Work item ▸ Every line from the line containing "Buddha Stones Copper" through the end of the data is to be reproduced exactly, excluding pictures.

─── Data

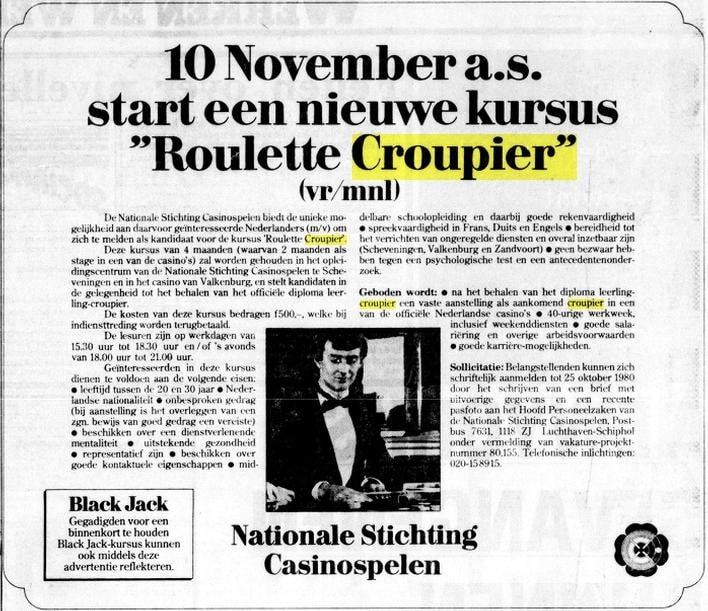 Advertising croupier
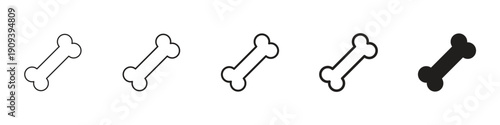 Bone icons in black outline, solid and colored style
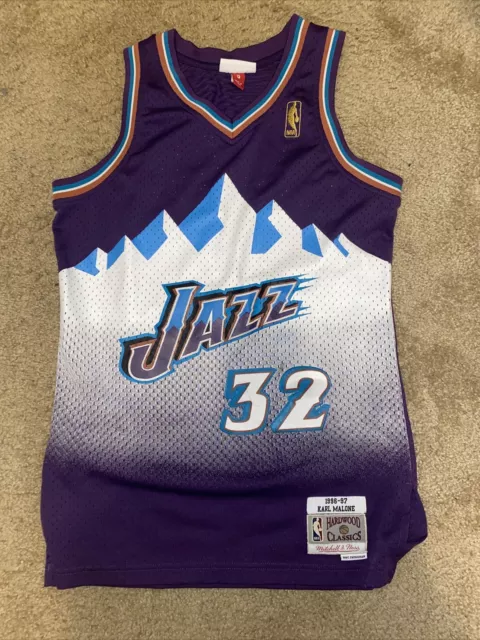 Vintage Karl Malone Utah Jazz #32 HWC Adidas Men's Small NBA  Basketball Jersey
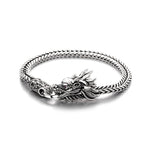 Buddha Stones Copper Dragon Strength Silver Tone Retro Braided Bracelet
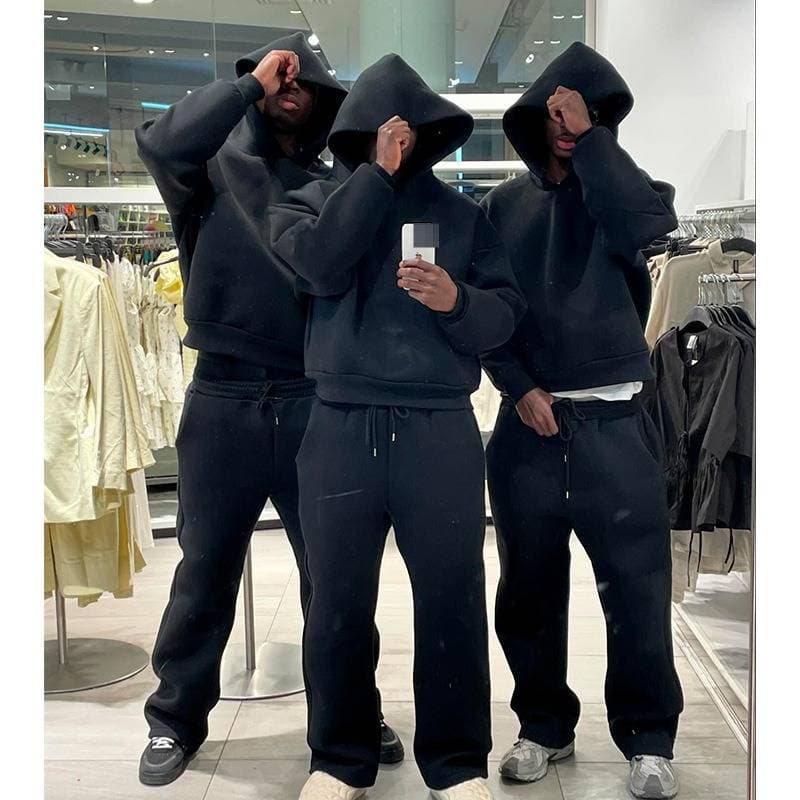 Men's Clothing Cross Border Casual Simple Couple Fashion Hoodie Sweatshirt Solid Color Loose Sweatshirt Sweatpants Wholesale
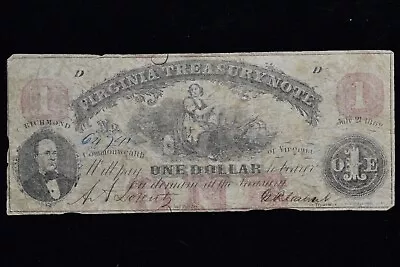 1862 $1 Obsolete Bank-note ✪ Virginia Treasury Note ✪ Richmond Va 741 D◢trusted◣ • $24.95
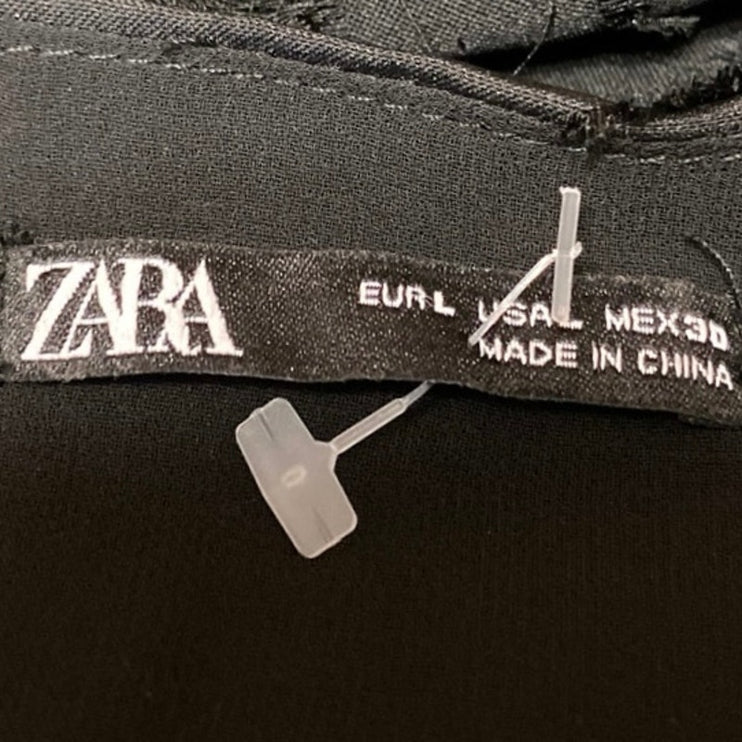 Zara Black Sleeveless Tie Strap Fringe Tiered Cami Tank Mini Shift Dress Size L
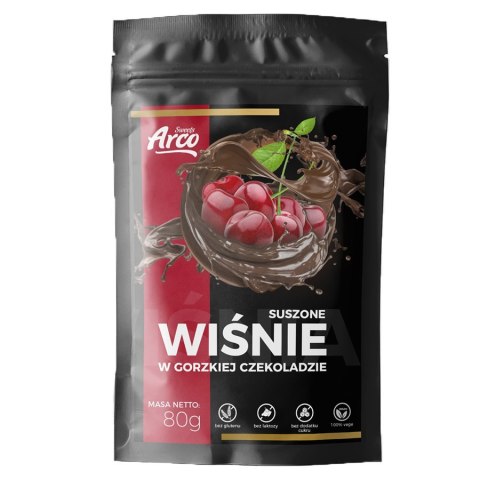 Suszona wiśnia w czekoladzie bez cukru Arco Sweets, 80g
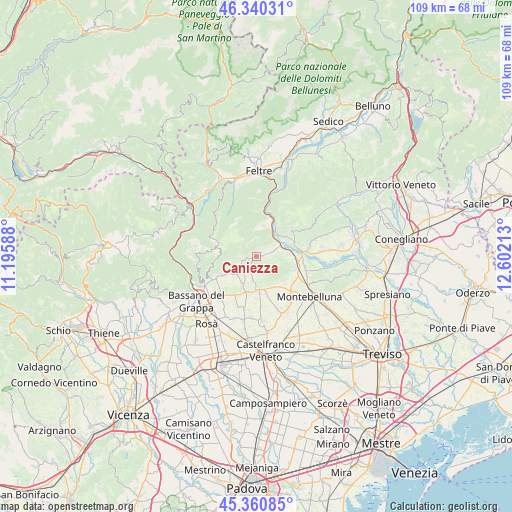 Caniezza on map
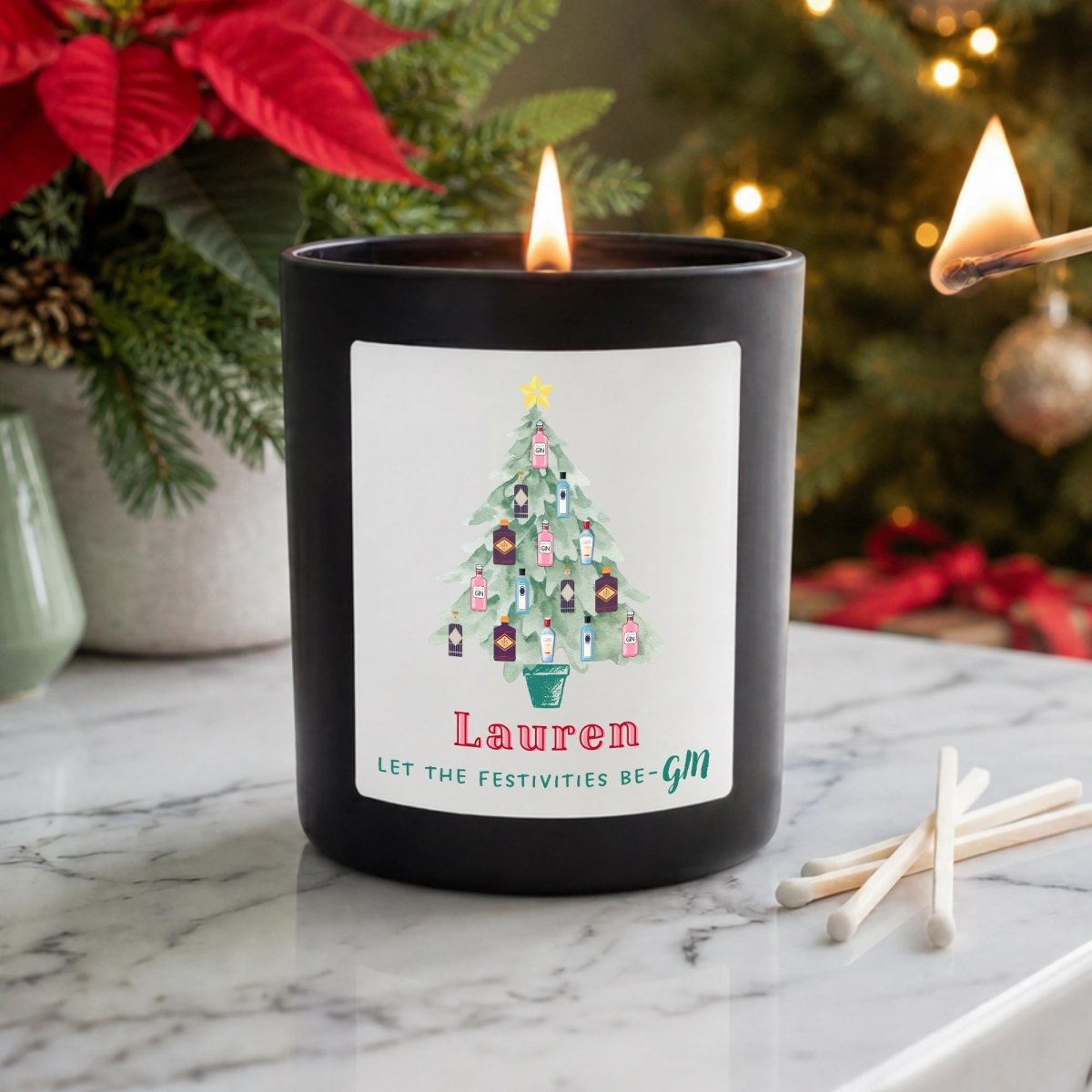 Personalised Gin Christmas Candle, Funny Gift for Gin Lovers - The Word Shack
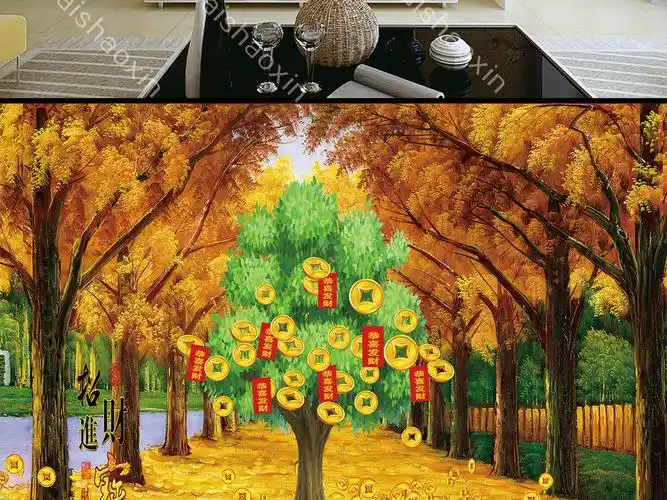 黄金树摇钱树招财进宝油画背景墙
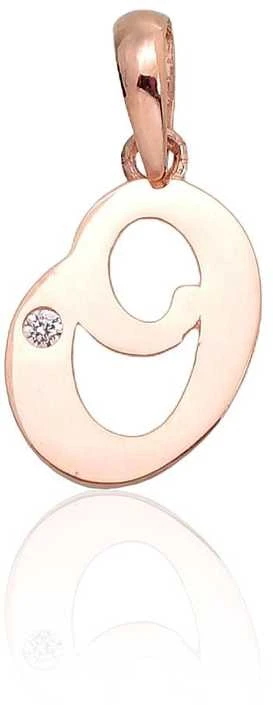 Auksinis pakabukas - vardo raidė, Raudonas Auksas, praba 585°, Akmuo: Cirkonai - 0.44 g. - 16 mm.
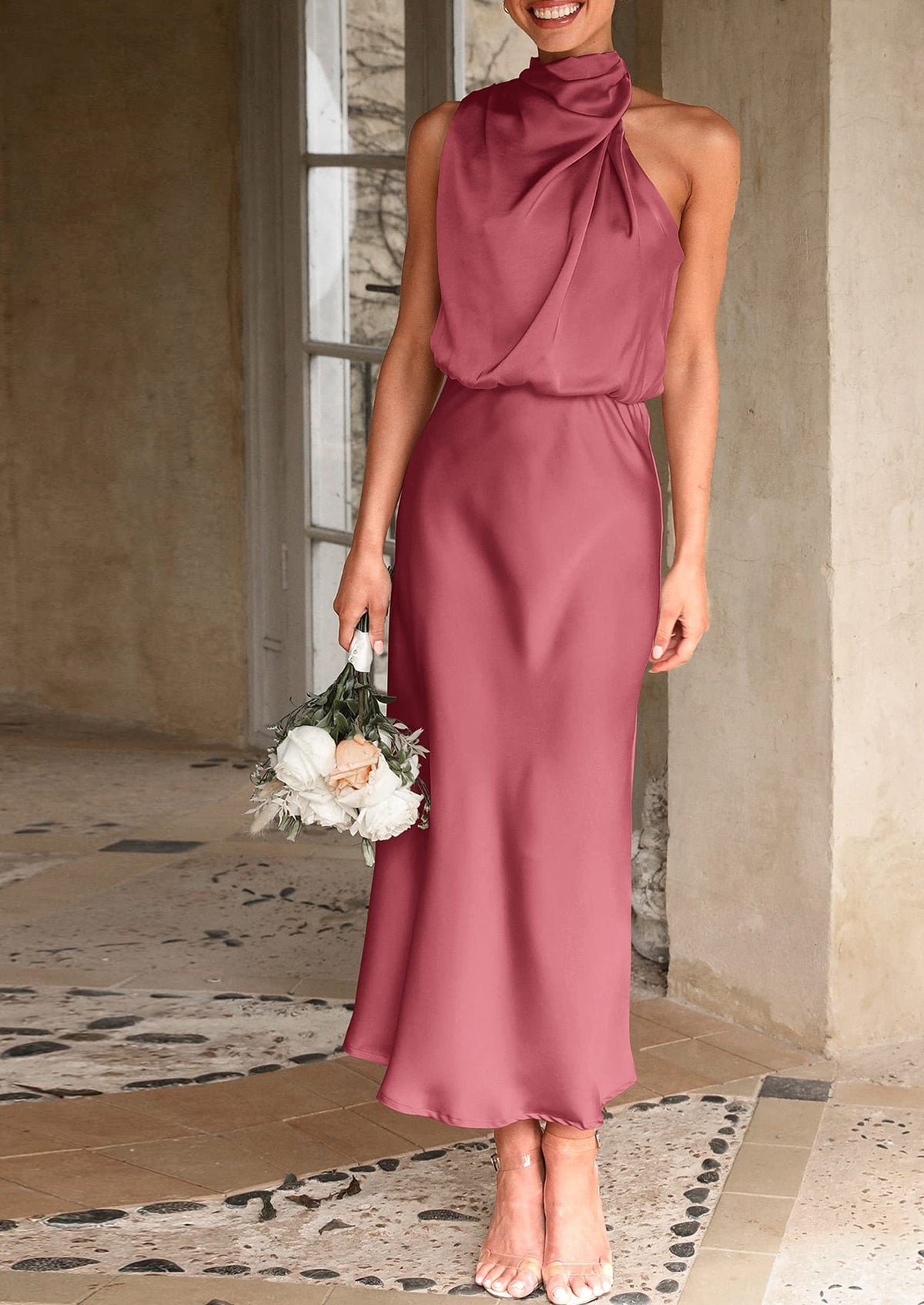 Satin Maxi Dress - Sleeveless, Mock Neck, Cocktail - photo 21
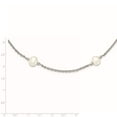 thumbnail image 6 of 925 Sterling Silver Rhodium-plated and Freshwater Cultured Pearl with mirror Beads Necklace 30 Inch, 6 of 7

──────

Answer box ▸
 Buddha Stones Copper Dragon Strength Silver Tone Retro Braided Bracelet
 Men's Clothing Cross Border Casual Simple Couple Fashion Hoodie Sweatshirt Solid Color Loose Sweatshirt Sweatpants Wholesale
 1862 $1 Obsolete Bank-note ✪ Virginia Treasury Note ✪ Richmond Va 741 D◢trusted◣ • $24.95
 Zara Black Sleeveless Tie Strap Fringe Tiered Cami Tank Mini Shift Dress Size L
 Suszona wiśnia w czekoladzie bez cukru Arco Sweets, 80g
 Caniezza on map
 Personalised Gin Christmas Candle, Funny Gift for Gin Lovers - The Word Shack
 黄金树摇钱树招财进宝油画背景墙
 Auksinis pakabukas - vardo raidė, Raudonas Auksas, praba 585°, Akmuo: Cirkonai - 0.44 g. - 16 mm.
 Satin Maxi Dress - Sleeveless, Mock Neck, Cocktail - photo 21
 thumbnail image 6 of 925 Sterling Silver Rhodium-plated and Freshwater Cultured Pearl with mirror Beads Necklace 30 Inch, 6 of 7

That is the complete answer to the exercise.